DATA SEGMENT
::::::::::

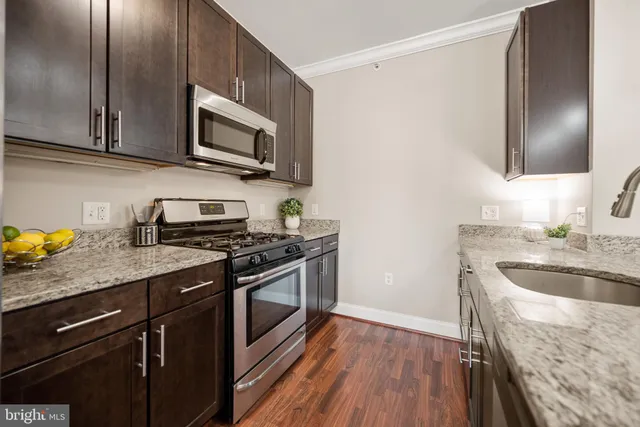 a kitchen with stainless steel appliances granite countertop a sink and refrigerator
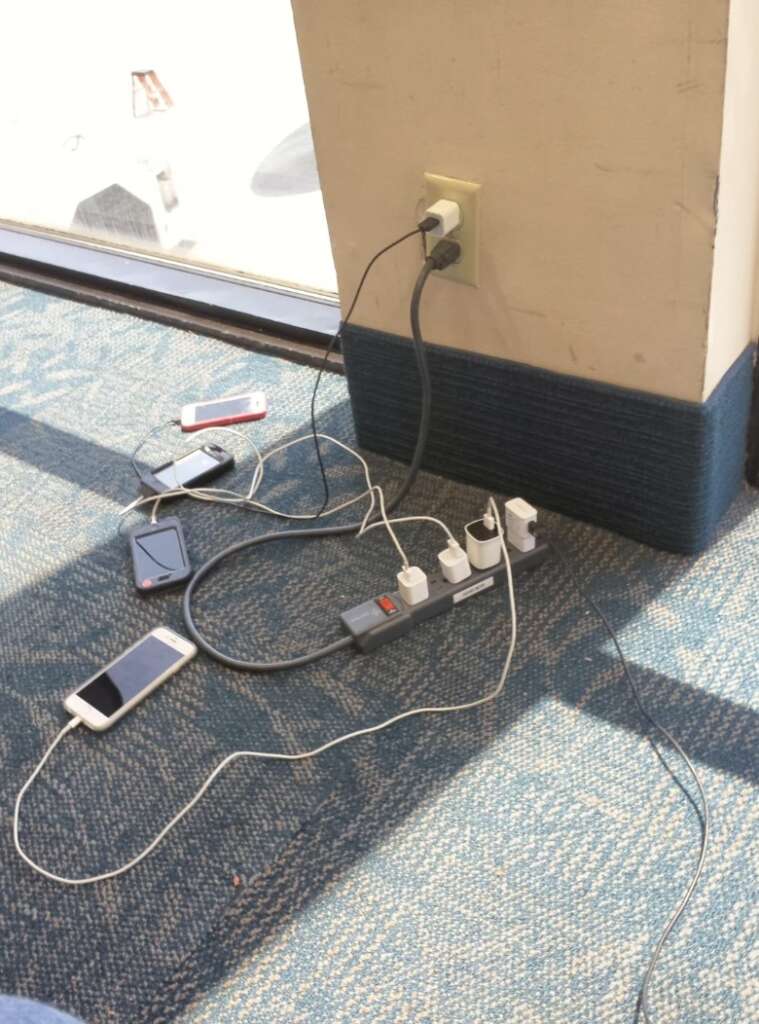 Several smartphones and chargers are plugged into a power strip connected to a wall outlet, mimicking an airport charging station, as they rest on a blue carpet next to a window.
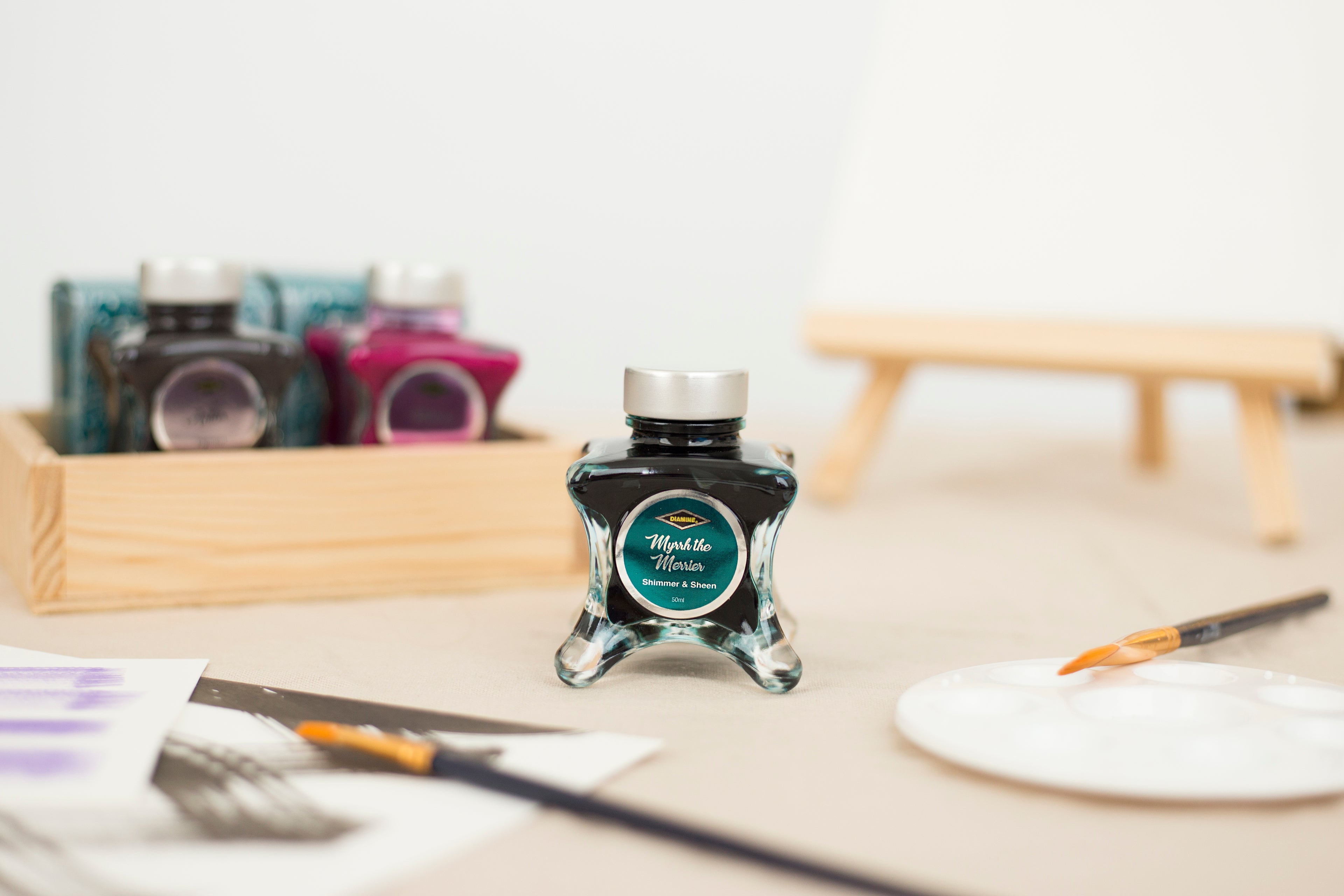 Diamine Myrrh the Merrier Fountain Pen Ink bottle with a brush and paper on a table.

::::::::::

TASK INSTRUCTIONS
None of the pictures should appear, though every line of the data above must be reproduced exactly.

TASK OUTPUT
 a kitchen with stainless steel appliances granite countertop a sink and refrigerator
 Several smartphones and chargers are plugged into a power strip connected to a wall outlet, mimicking an airport charging station, as they rest on a blue carpet next to a window.
 Diamine Myrrh the Merrier Fountain Pen Ink bottle with a brush and paper on a table.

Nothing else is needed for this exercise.